Japanese samurai (1810–1864)

Shimada Toranosuke (1810–1864) was a Japanese samurai from Nakatsu, Ōita. His father was Shimada Chikafusa. He studied Kashima Shinden Jikishinkage-ryū kenjutsu under Otani Nobutomo and zazen meditation under Sengai; he was also a student of Kitō-ryū jujutsu. He taught kenjutsu and acted as a spiritual mentor to Katsu Kaishū.

Shimada was a skilled swordsman in his youth, and in 1837 he travelled to Edo to partake in challenge matches.
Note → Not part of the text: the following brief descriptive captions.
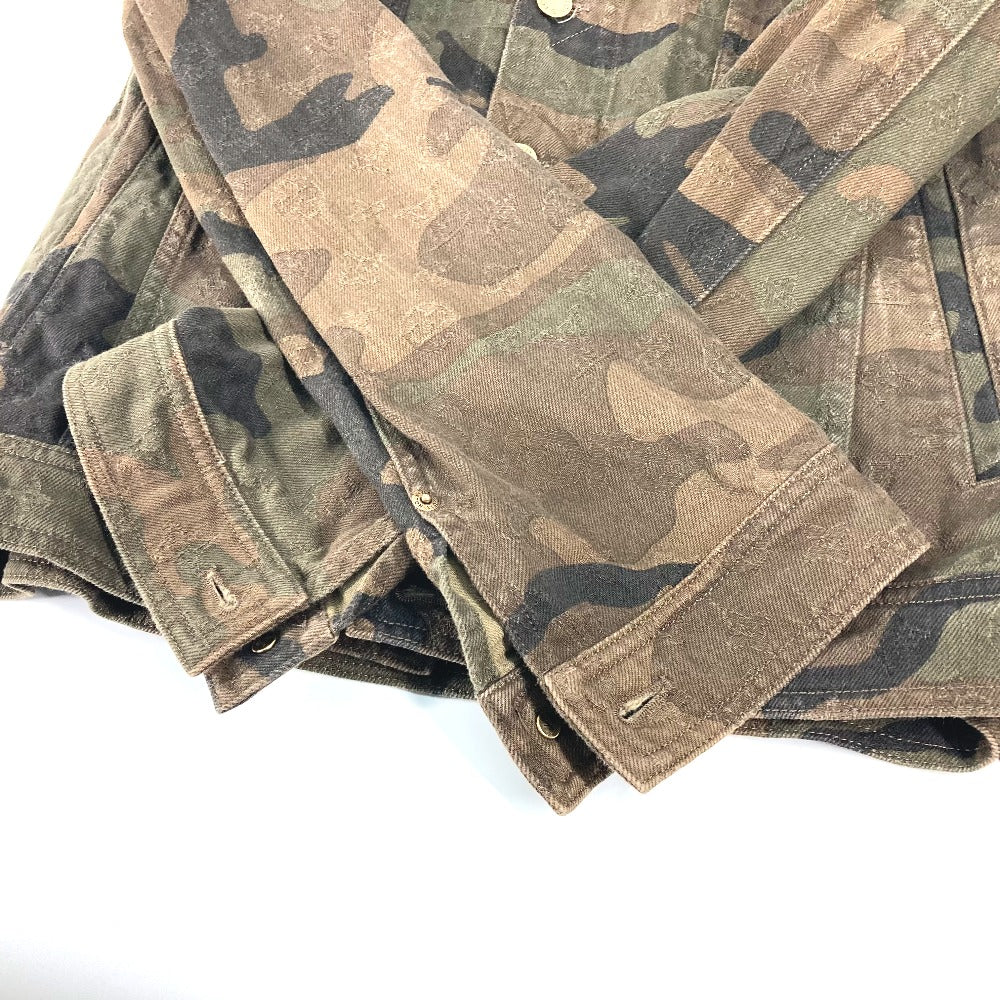 LOUIS VUITTON 1A3FE5 SUPREME Camouflage Denim Trucker Short Jacket, Long Sleeve, Men's Green Cotton Jacket, Supreme Collaboration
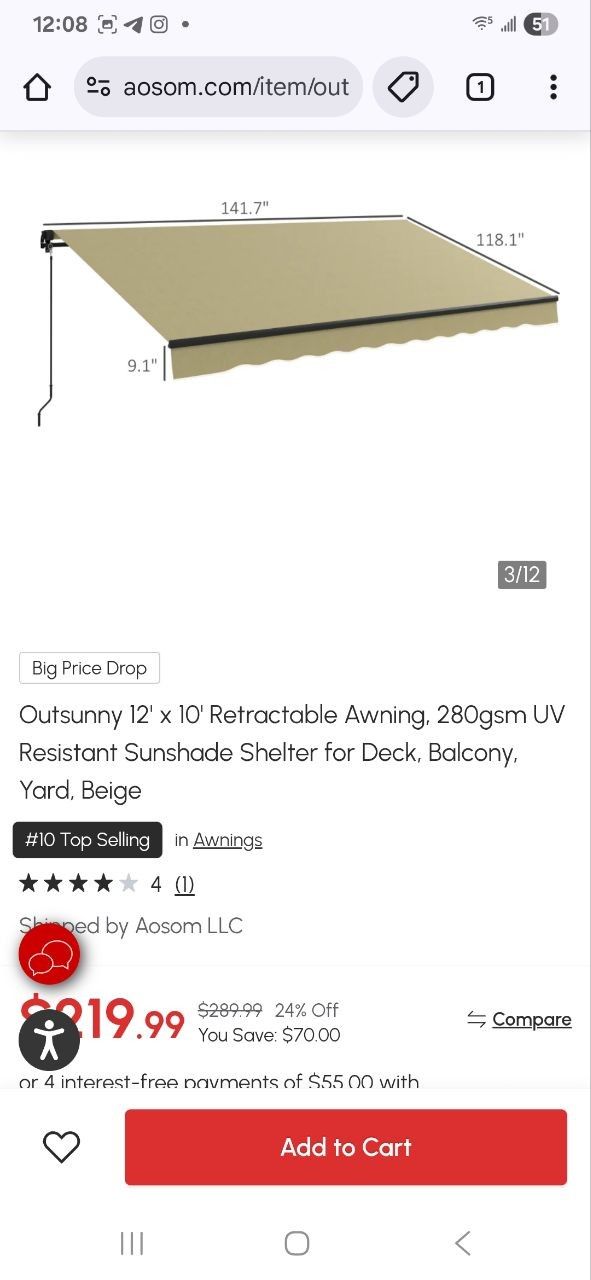 12'x10' retractable Awning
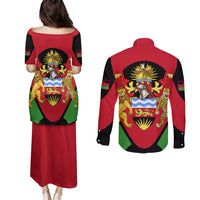 Malawi Flag Couples Matching Puletasi and Long Sleeve Button Shirt Colors Blended with National Emblem - Symbolic Design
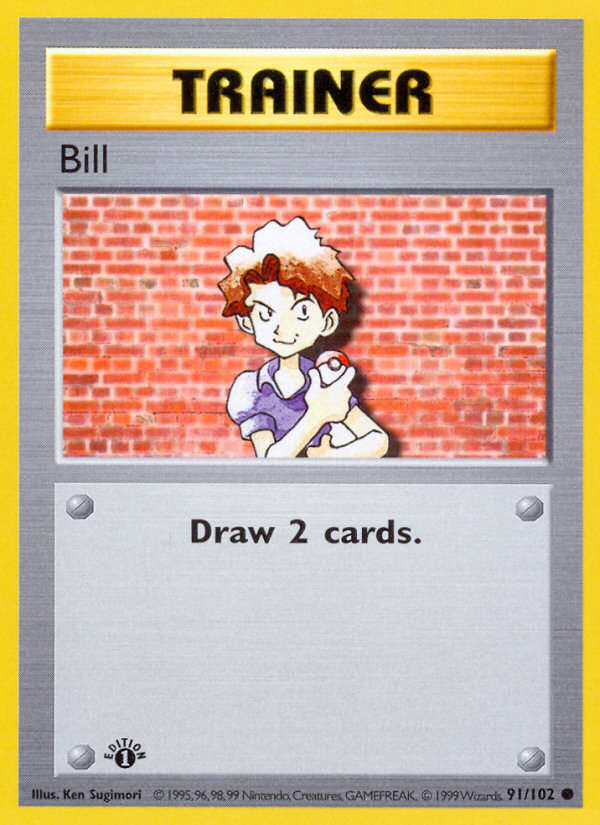 Bill (91/102) (Shadowless) [Base Set 1st Edition] Pokémon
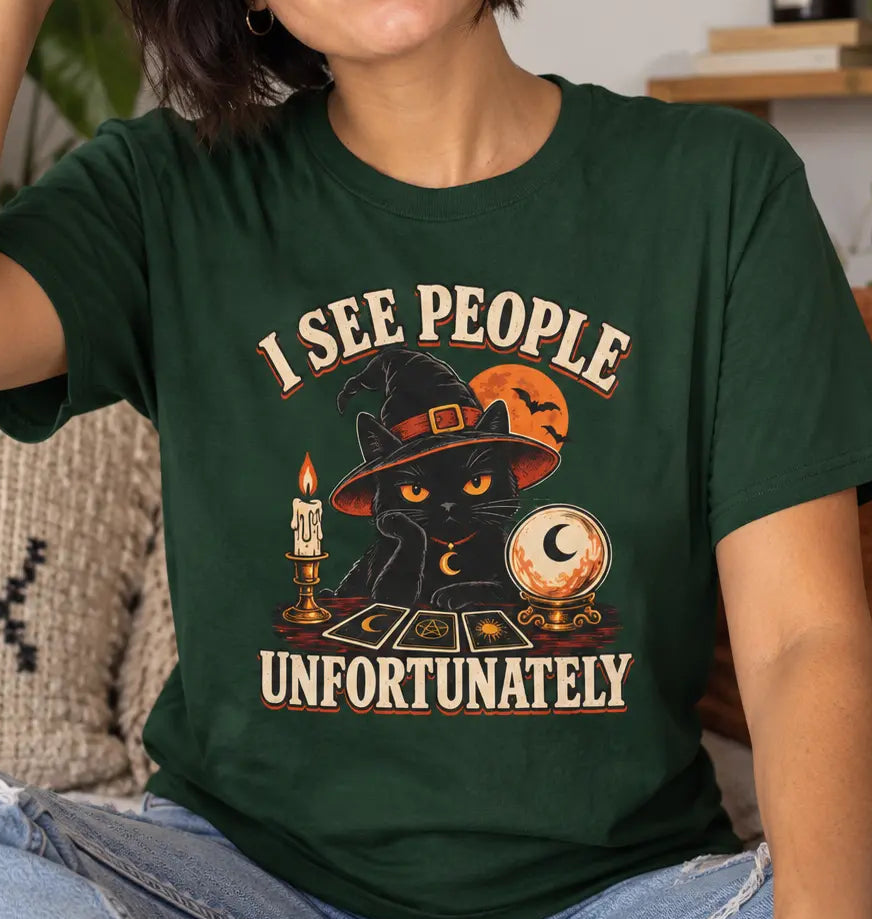women wearing a green halloween tee with the text 'i see people unfortunately'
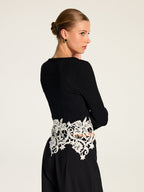 Floral Encaje bajo Zip frontal Ribbed Punto Top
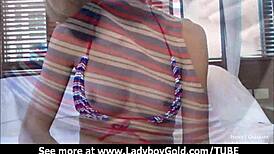 Quickie Handjob with Ladyboy Teen in Bikini for Raw Hardcore Fun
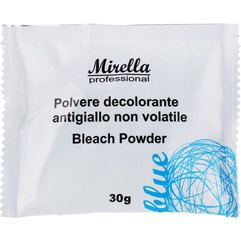 Mirella Professional Blue Bleach Powder Осветляющая антіжелтая пудра для волосся, фото 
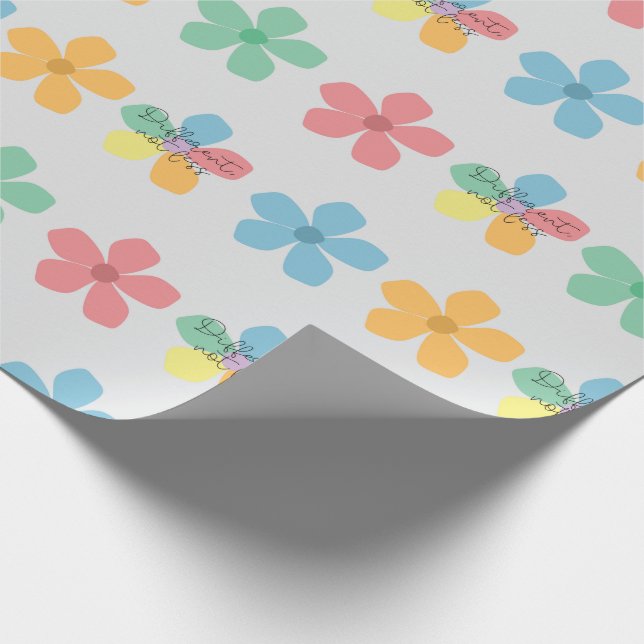 Olika Inte Mindre Autism Citat Färgglada Blommor Presentpapper (Hörn)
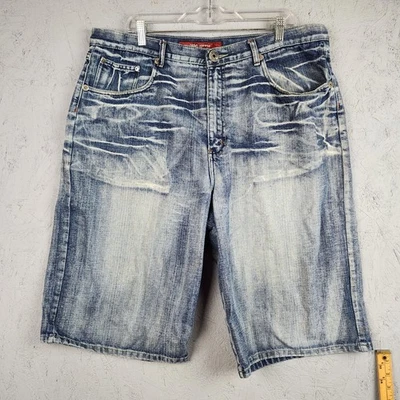 Pantalones Cortos De Colección Brooklyn Xpress Para Hombre 40 Azul Lavado Claro Desteñido Largo Y2k Foto 1 de 4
His ferocity and ability with the sword brought him considerable success, and he finally issued a challenge to Otani Nobutomo, who was at the time the most highly regarded swordsman in the city. During the duel, Otani allowed Shimada to win, in order to gauge the young man's response to an easy victory. Toranosuke subsequently requested instruction from Inoue Gensai, but Inoue recommended that he visit Otani again and become his student. Sceptical of studying under a man he had previously defeated, Shimada challenged Otani to a rematch. This time, Otani defeated him utterly. After this, Otani accepted Shimada as his student.